After playing with the layout software it seems like the #6 Aristocraft switch fits perfectly with sectional track to minimize having to custom cut the track. The sectional track is important to me for now, because I want to be able to try several things out before I commit to a "final" design.


Any recommendations?

Tom


----------



## Torby (Jan 2, 2008)

I use Aristo switches, both the "Wide Radius" and the "Number 6." I've never used the little switch. 

The main complaint with the Wide Radius switch is the plastic frog, that often stands proud of the rail. If your loco seems to "climb over" the frog instead of rolling smoothy, first check the wheel gauge. Let's see, I think it's 1.56 inches between the back sides of the wheels (somebody correct me, please). If the wheels are set to narrow, it will be pretty rough. There's an easy fix for the over high frog. Turn the switch over and loosen the tiny phillip screws that hold the rail to the plastic base. Then shove a couple small washers, like #4 flat washers under the rail and snug the screws back up. The plastic is rather floppy and the rail quite stiff, so this will lower the frog just enough. Of course, you can always take a sander and grind the top of the frog down to the rails, but then you'll need to deepen the grooves where the flange goes. Even easier: Aristo now has a better frog that's easy to put in. 

I had one that tended to derail the pony wheels. When I looked close, I found a burr on the "point" that would catch the wheel flange and lift the wheel up. A moment with a small file remedied that without taking the switch back up. 

If you're using track power, it's possible to burn up the little wires under the switch. Supposing you have your big 10 amp pack on one side of the switch, and you accidentally short the track on the other side. Those little wires will smoke pretty readily. An easy fix here is to jumper from the outside rail to the stub rail... Hmm, let me draw you a picture: 










There are also some little wires underneath connecting the points. If after jumpering here, the points don't have power, it's easy to get to the wiring underneath. There's a plastic cover with a few screws. 

I never had any trouble with my #6 switches. The main complaints involve the micro switch that changes polarity of the metal frog. You'll want to protect it from water, and be sure it doesn't get ballast or something stuck so the little button won't push.
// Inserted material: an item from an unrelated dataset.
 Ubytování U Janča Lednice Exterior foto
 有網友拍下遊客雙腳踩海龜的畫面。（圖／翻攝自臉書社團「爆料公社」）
If you're running fairly large locos with pickup wheels that bridge the frog, you can just remove the micro switch if it causes trouble and leave the frog dead. I've also heard that in some conditions, one of the rails can short to the frog causing a short when the switch is in one position. You may have to reverse the polarity of the neutron flow. Now that I run battery, I don't care what happens to the wiring  

I bought a bundle of 10 old switches that had some years on them from another forum member. For the price he was asking, I figured I got my money worth if 1 worked, and a bargain if 2 worked. None of the 10 took more than a couple minutes fiddeling to make work nicely, so I continue to thank GN Rocky for selling me those switches. On these old, dirty switches, the most common problem I found was rust or dirt between the "throw bar" and points. All they took was a little brushing, a drop of oil, or maybe snugging up a loose screw. 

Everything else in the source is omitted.